- **ACTIVITY**
For this exercise, print the listing below exactly, without its pictures.

- **SOURCE MATERIAL**
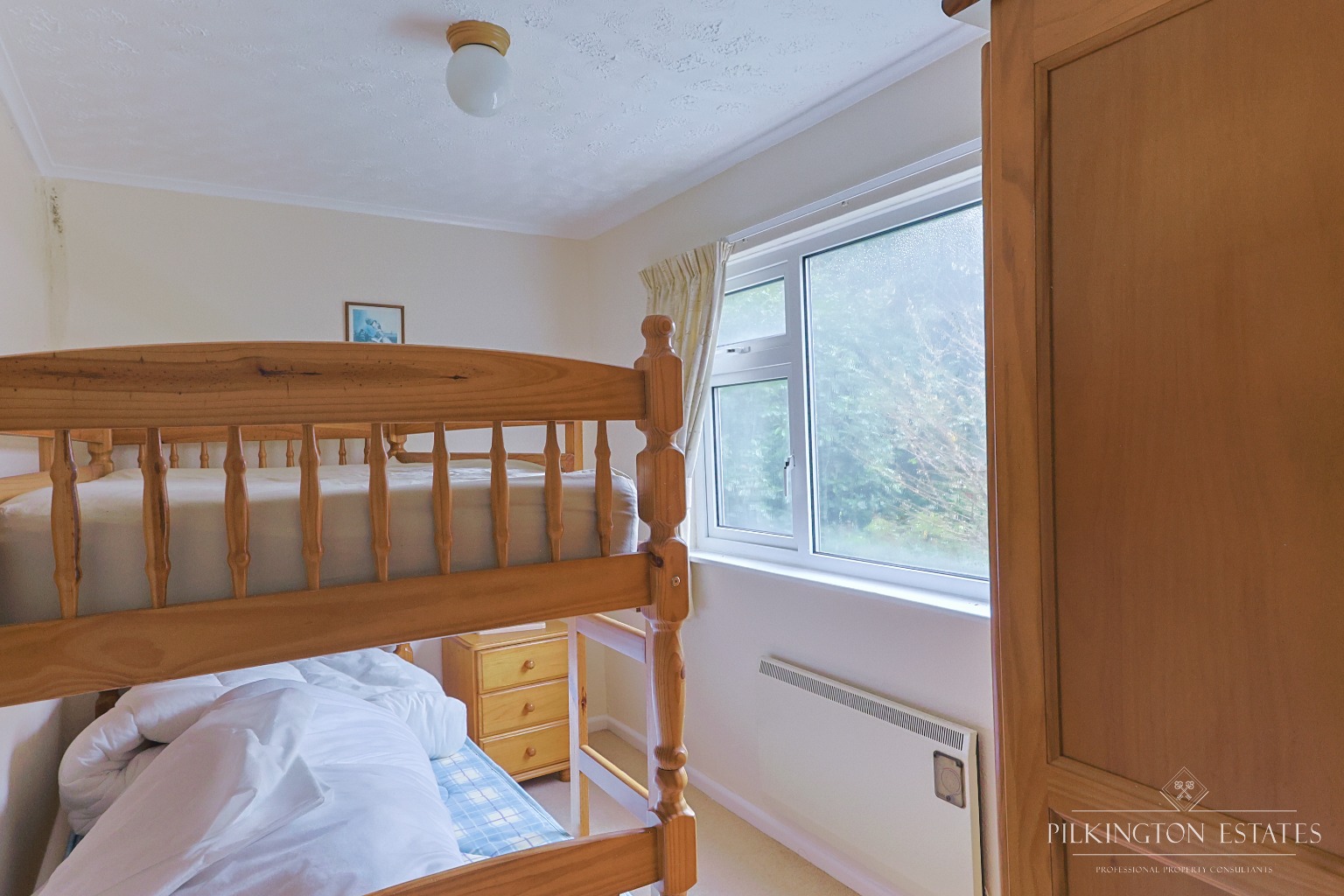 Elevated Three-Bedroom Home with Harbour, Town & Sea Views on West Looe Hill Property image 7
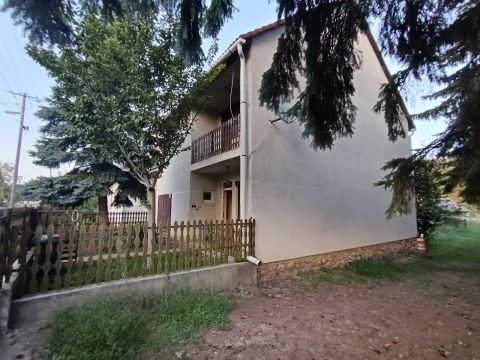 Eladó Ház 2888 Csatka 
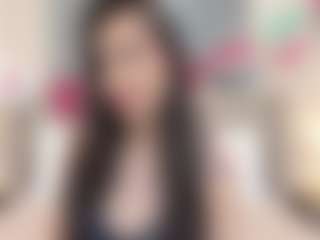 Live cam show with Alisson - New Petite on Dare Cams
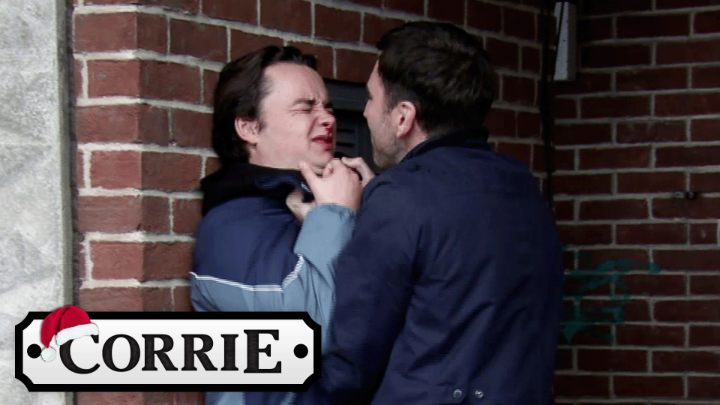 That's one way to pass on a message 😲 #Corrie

- **ANSWER TO THIS TASK**
 Elevated Three-Bedroom Home with Harbour, Town & Sea Views on West Looe Hill Property image 7
 Eladó Ház 2888 Csatka 
 Live cam show with Alisson - New Petite on Dare Cams
 That's one way to pass on a message 😲 #Corrie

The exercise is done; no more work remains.